I can offer one real example of a person I don't mind insulting: myself. I have made many, possibly all, of the mistakes I list above. I started out with formal syntax and semantics, and transitioned to doing experiments in 2000. Everything I knew about statistical analysis I learnt from a four-week course I did at Ohio State.  I discovered R by googling for alternatives to SPSS and Excel, which had by then given me RSI. I had the opportunity to go over to the Statistics department to take courses there, but I missed that chance because I didn't understand how deep my ignorance was.  The only reason I didn't make a complete fool of myself in my PhD was that I had the good sense to go to the Statistical Consulting section of OSU's Stats department, where they introduced me to linear mixed models ("why are you fitting repeated measures ANOVAs? Use nlme.").  It was after I did a one-year course in Sheffield's Statistics department that I finally started to see what I had missed (I reviewed this course here).
 
For linguistics, becoming a quantitative discipline is not going to give us the payoff that people expect, unless we systematically work at making a formal statistical education a core part of the curriculum.
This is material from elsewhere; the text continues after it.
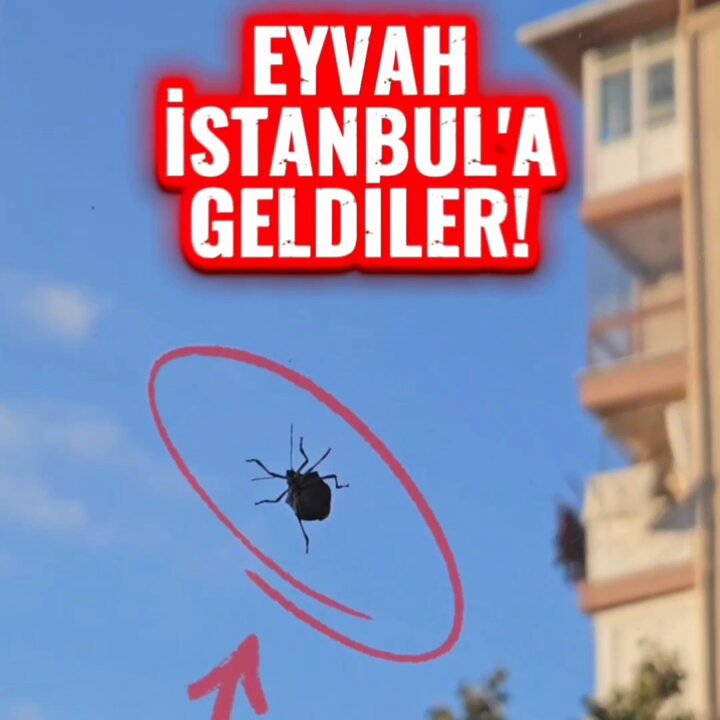 İstanbul'da Kahverengi Kokarca Böcekleri Görülmeye Başlandı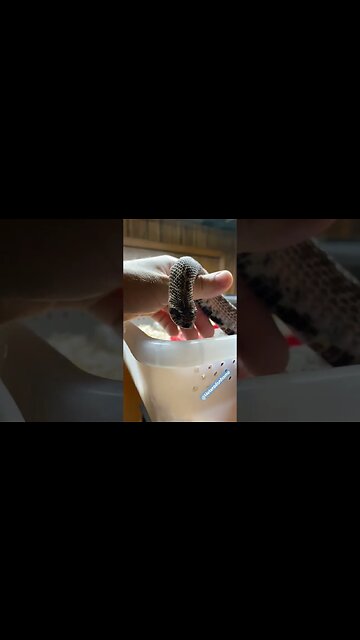 Cinder Likes to Hang Around #hognosesnake #shorts #reptiles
Currently, what's happening is that we have advanced fast in using experimental methods, but have made little progress in developing a solid understanding of statistical inference.

Obviously, not everyone who uses experimental methods in linguistics falls into this category. But the problems are serious, both in linguistics (and psycholinguistics), and it's better to recognize this now rather than let thousands of badly done experiments and analyses lead us down some other garden-path.


Friday, January 02, 2015

A weird and unintended consequence of Barr et al's Keep It Maximal paper

Barr et al's well-intentioned paper is starting to lead to some seriously weird behavior in psycholinguistics! As a reviewer, I'm seeing submissions where people take the following approach:

1. Try to fit a "maximal" linear mixed model.  If you get a convergence failure (this happens a lot since we routinely run low power studies!), move to step 2.

[Aside:
By the way, the word maximal is ambiguous here, because you can have a "maximal" model with no correlation parameters estimated, or have one with correlations estimated. For a 2x2 design, the difference would look like:

correlations estimated: (1+factor1+factor2+interaction|subject) etc.

no correlations estimated: (factor1+factor2+interaction || subject) etc.

Both options can be considered maximal.]

2. Fit a repeated measures ANOVA. This means that you average over items to get F1 scores in the by-subject ANOVA. But this is cheating and amounts to p-value hacking. This effectively changes the between items variance to 0 because we aggregated over items for each subject in each condition. That is the whole reason why linear mixed models are so important; we can take both between item and between subject variance into account simultaneously. People mistakenly think that the linear mixed model and rmANOVA are exactly identical. If your experiment design calls for crossed varying intercepts and varying slopes (and it always does in psycholinguistics), an rmANOVA is not identical to the LMM, for the reason I give above. In the old days we used to compute minF.  In 2014, I mean, 2015, it makes no sense to do that if you have a tool like lmer.

As always, I'm happy to get comments on this.